La Cour a jugé que la modération des commentaires n’est pas en contravention avec l’article sur la liberté d’expression de la Convention européenne des droits de l’homme puisque ce dernier autorise les interventions afin de protéger la réputation d’autrui.
L’affaire concernait Delfi AS, une entreprise basée en Estonie possédant l’un des plus importants sites Internet d’information du pays. En 2006, un article publié sur son site concernant une compagnie de traversiers a suscité de nombreux messages qualifiés « d’extrêmement injurieux ou menaçants » par la Cour européenne des droits de l’homme.

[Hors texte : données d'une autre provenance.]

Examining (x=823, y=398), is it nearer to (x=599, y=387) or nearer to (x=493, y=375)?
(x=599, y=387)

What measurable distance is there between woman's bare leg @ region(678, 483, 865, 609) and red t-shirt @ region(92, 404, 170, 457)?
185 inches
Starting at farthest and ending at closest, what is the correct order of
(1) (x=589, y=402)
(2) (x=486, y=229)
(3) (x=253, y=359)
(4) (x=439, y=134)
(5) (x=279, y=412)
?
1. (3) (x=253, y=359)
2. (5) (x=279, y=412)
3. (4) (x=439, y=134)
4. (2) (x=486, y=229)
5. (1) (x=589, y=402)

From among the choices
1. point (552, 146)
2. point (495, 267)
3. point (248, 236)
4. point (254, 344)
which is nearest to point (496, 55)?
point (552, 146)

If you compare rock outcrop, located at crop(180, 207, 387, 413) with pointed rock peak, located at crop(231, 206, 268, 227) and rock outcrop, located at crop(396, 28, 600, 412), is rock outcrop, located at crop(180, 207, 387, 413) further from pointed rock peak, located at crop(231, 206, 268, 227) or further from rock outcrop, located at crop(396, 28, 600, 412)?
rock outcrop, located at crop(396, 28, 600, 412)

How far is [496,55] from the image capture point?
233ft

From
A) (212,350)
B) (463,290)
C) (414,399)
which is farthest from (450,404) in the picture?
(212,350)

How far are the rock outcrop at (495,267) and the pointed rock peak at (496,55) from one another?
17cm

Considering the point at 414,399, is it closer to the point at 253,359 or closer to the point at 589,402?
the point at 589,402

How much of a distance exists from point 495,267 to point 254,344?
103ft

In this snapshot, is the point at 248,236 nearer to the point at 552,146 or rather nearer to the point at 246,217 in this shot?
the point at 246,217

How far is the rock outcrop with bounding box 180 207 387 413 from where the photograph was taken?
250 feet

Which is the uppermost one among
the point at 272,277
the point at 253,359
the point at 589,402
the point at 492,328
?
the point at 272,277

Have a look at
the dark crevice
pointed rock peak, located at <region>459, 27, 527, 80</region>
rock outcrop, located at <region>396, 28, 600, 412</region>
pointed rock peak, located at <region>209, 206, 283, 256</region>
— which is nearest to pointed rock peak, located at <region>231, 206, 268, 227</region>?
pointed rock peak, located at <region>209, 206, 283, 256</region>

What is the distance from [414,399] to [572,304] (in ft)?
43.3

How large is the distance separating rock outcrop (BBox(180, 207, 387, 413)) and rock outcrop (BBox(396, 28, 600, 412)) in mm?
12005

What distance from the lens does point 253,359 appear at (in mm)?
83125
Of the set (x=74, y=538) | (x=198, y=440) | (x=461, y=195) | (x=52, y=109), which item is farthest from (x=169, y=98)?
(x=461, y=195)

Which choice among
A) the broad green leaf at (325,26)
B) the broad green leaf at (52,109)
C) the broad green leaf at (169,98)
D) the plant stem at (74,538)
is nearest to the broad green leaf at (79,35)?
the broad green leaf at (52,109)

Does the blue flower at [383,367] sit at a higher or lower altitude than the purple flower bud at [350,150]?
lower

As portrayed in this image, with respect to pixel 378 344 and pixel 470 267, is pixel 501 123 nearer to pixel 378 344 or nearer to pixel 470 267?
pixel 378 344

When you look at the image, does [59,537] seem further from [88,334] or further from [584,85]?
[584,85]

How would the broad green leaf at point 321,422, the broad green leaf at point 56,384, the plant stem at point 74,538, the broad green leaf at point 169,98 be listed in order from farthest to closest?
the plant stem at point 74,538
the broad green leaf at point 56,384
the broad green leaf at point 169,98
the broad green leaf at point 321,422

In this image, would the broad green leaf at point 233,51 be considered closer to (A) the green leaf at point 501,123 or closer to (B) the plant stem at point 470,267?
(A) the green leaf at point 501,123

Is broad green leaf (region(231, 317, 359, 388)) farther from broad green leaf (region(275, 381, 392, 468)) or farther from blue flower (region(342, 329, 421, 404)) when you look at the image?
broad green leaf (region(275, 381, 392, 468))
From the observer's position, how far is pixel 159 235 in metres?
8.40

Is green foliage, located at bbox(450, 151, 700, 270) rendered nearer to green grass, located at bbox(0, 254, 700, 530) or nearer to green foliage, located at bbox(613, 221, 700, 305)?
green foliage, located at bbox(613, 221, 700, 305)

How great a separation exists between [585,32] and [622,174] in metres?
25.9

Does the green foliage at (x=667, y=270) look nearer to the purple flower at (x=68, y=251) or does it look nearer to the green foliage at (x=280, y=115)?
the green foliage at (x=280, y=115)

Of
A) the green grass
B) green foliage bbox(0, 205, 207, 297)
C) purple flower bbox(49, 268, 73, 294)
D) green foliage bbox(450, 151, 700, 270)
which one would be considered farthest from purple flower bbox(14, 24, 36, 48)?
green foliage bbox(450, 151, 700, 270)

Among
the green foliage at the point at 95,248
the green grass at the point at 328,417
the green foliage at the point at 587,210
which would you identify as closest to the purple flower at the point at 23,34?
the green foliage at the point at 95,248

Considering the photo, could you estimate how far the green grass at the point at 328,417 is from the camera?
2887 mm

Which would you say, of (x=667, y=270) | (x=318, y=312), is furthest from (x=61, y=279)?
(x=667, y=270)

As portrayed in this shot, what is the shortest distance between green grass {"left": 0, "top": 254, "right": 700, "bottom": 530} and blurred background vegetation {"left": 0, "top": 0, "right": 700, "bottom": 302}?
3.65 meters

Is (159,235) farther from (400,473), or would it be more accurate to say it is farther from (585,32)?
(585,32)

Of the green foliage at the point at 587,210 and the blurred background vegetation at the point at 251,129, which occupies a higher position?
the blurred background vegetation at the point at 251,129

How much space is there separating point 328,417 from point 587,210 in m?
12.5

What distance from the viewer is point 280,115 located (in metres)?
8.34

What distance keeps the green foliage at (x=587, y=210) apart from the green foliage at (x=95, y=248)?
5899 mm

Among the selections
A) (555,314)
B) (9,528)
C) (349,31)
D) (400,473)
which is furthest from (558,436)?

En raison de la nature de l’article publié, la société Delfi AS aurait dû prévoir la publication de commentaires insultants et aurait dû être vigilante afin d’éviter de se faire accuser d’atteinte à la réputation d’autrui, estime la Cour. Elle constate également que le système de filtrage automatique et le système de notification n’ont pas permis de supprimer les messages litigieux.
Premières instances
Avant que Delfi AS porte le dossier devant la Cour européenne des droits de l’homme, le propriétaire de l’entreprise de traversier avait eu gain de cause devant les tribunaux estoniens. Les messages avaient été jugés diffamatoires et de nature à engager la responsabilité de la société Delfi AS. Cette dernière a d’ailleurs été condamnée à payer 320 € à titre de dommages et intérêts. En 2009, elle a été déboutée du recours qu’elle avait porté devant la Cour suprême d’Estonie.

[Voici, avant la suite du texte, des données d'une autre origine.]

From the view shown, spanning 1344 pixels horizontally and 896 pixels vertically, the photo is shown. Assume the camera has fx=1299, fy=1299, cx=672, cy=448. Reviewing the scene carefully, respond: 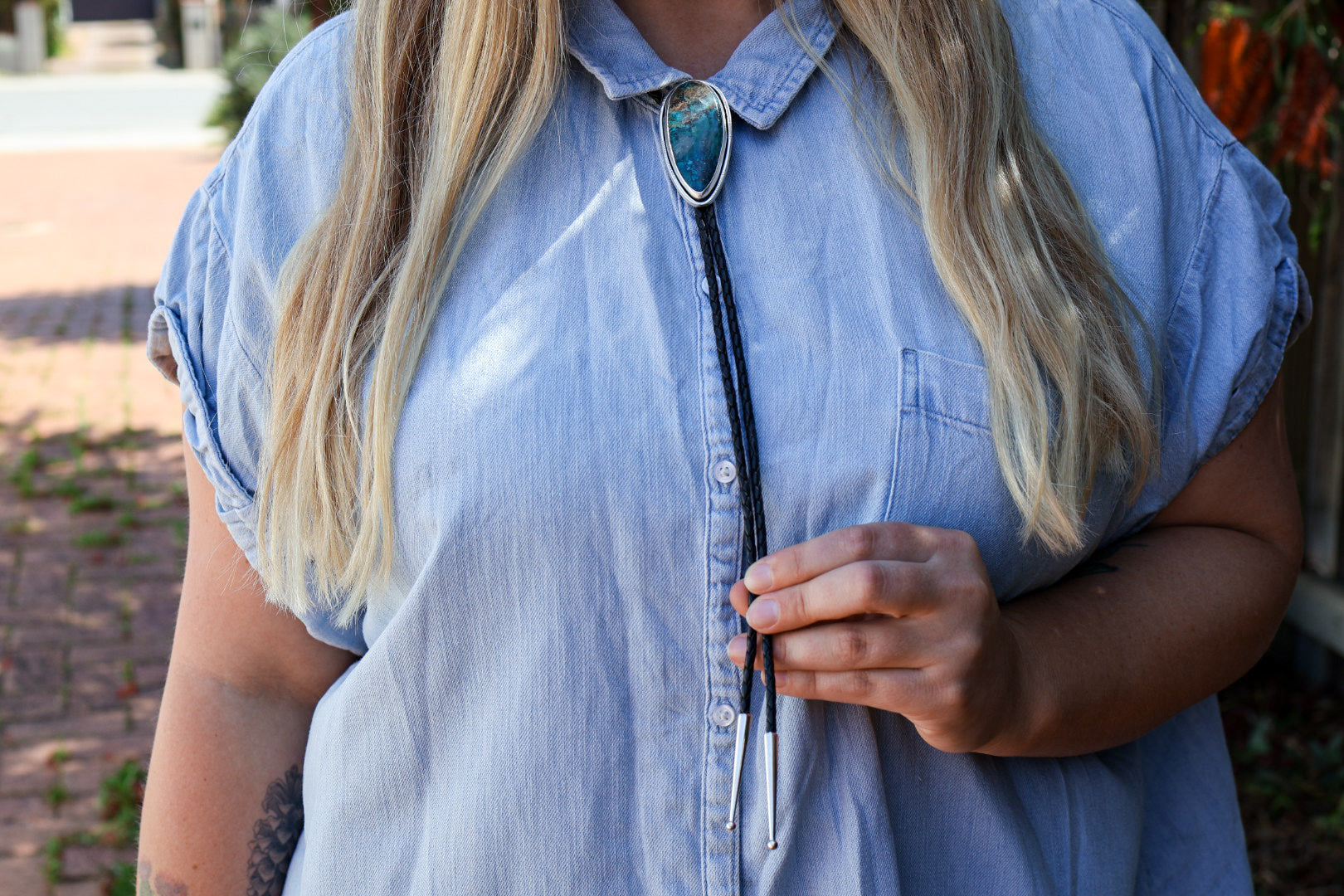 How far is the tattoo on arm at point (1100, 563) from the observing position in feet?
4.43

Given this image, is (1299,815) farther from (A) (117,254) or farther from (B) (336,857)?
(A) (117,254)

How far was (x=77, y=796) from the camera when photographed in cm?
433

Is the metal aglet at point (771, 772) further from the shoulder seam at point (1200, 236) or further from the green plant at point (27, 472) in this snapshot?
the green plant at point (27, 472)

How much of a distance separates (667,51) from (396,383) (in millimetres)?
450

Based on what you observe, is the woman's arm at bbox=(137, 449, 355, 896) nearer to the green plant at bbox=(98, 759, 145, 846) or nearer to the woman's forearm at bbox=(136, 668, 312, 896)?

« Ayant estimé que Delfi contrôlait la publication des messages apparaissant sur son site, les juridictions estoniennes rejetèrent la thèse de l’intéressée selon laquelle ses activités de société de prestation de services Internet ou de stockage revêtaient un aspect purement technique, automatique et passif au sens de la directive de l’Union européenne 2000/31/CE sur le commerce électronique », rapporte le jugement de la Cour européenne.
Jugement
La Cour européenne des droits de l’homme en vient donc à la conclusion que « la reconnaissance, par les juridictions estoniennes, de la responsabilité de la société requérante s’analyse en une restriction justifiée et proportionnée à la liberté d’expression de celle-ci compte tenu notamment du caractère extrêmement insultant des messages incriminés, du manquement de la société propriétaire du portail à empêcher leur divulgation, du profit tiré par cette société des messages en question, de la garantie d’anonymat qu’elle offrait aux auteurs des messages en question et du caractère raisonnable de la condamnation infligée par les tribunaux ».
Le requérant a un délai de trois mois pour en appeler. L’affaire serait alors renvoyée devant la Grande Chambre de la Cour.